02.06.2020 Ausgabe: 3/20

Es grünt so grün - Dachbegrünungen vereinen viele positive Wirkungen, insbesondere für nachverdichtete Städte.

Täglich wird in Deutschland die Fläche von etwa 60 Hektar Natur durch Baumaßnahmen versiegelt. Die Hälfte dieser Flächen verschwindet langfristig aus dem natürlichen Wasserkreislauf. Neben dem Flächenverbrauch durch das Wachstum der Städte zwingen uns Klimawandel (Urban Heat Island Effect und Extrem-Regenereignisse), Artenschwund (Insektensterben) und auch der demografische Wandel zum Umdenken und Handeln. Immer mehr Menschen drängen (zurück) in die Städte, die Forderung nach mehr und bezahlbarem Wohnraum wird lauter. Aber woher nehmen? Weitere Naturflächen überbauen? Nachverdichten? Wo bleiben dabei die lebenswichtigen Grünflächen?

Sonneneinstrahlung, dunkle Gebäude und Straßen, versiegelte Oberflächen und das schnelle Abfließen des Regenwassers verursachen urbane Hitzeeffekte. Ohne Pflanzen fehlt die Evapotranspiration, also die Verdunstung aus Flora und Fauna sowie aus Boden- und Wasserflächen, und damit verbunden die Verdunstungskühlung. Die Temperaturen in Städten liegen um ein bis drei Grad über denen im Umland. Grünflächen machen Wohnquartiere attraktiver für Menschen, die sie zum Leben, zur Regeneration, zu Erholung, Sport und Spiel nutzen. Noch mehr und noch dichter zu bauen, heißt nach Lösungen zu suchen, die trotz dichterer Besiedlung ausreichend Grünflächen für Mensch und Tier schaffen. Wegen des begrenzten Raums bieten sich in der Stadt hierfür vorrangig Dach-, Fassaden- und auch Innenraumbegrünungen an.

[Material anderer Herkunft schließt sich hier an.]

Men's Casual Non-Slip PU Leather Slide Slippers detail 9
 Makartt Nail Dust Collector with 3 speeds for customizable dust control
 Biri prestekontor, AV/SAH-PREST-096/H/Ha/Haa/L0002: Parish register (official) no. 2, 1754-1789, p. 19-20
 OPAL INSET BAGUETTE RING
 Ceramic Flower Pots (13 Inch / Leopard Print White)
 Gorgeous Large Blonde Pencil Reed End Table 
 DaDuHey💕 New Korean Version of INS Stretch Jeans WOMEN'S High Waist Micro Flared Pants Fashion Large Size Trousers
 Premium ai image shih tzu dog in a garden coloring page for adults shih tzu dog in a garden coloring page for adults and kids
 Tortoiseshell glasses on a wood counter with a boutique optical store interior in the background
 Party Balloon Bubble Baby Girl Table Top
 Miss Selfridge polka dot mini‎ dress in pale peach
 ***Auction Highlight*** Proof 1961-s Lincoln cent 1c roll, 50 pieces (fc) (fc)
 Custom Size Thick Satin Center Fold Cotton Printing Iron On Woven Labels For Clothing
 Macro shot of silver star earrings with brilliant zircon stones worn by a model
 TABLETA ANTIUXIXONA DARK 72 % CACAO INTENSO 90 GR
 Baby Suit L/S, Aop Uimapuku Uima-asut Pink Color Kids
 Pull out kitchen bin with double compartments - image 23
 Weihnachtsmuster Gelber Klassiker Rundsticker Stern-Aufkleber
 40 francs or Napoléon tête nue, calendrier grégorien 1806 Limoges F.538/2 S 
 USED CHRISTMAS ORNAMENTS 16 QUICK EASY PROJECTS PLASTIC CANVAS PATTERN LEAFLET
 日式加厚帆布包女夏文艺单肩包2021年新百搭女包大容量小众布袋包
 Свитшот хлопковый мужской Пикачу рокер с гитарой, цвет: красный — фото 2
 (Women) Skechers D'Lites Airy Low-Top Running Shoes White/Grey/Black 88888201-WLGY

Nachhaltiges Bauen mit begrünten Gebäuden
Gebäudebegrünungen vereinen eine Vielzahl positiver Wirkungen und sind ein ebenso einfach umzusetzender wie wirkungsvoller und notwendiger Aspekt des nachhaltigen Bauens. Seit vielen Jahren liefern wissenschaftliche Untersuchungen dazu Zahlen, Daten und Fakten: So kann Dachbegrünung demnach beispielsweise vielfältig eingesetzt werden, u. a. als Maßnahme zur Klimaanpassung, zur Erhaltung und Förderung der Artenvielfalt, als Baustein der Regenwasserbewirtschaftung oder als Schutz vor Lärm und Feinstaub. Mit jedem Quadratmeter Gründach verbindet sich dabei gleich eine ganze Palette an positiven Wirkungen:

• Schutz der Dachabdichtung und Fassade vor Extremtemperaturen im Sommer und Winter sowie vor Witterungseinflüssen wie Sturm, Hagel, UV-Strahlung etc.: Gegenüber unbegrünten Varianten kann sich die Lebensdauer von Dachabdichtungen bis auf das Doppelte verlängern.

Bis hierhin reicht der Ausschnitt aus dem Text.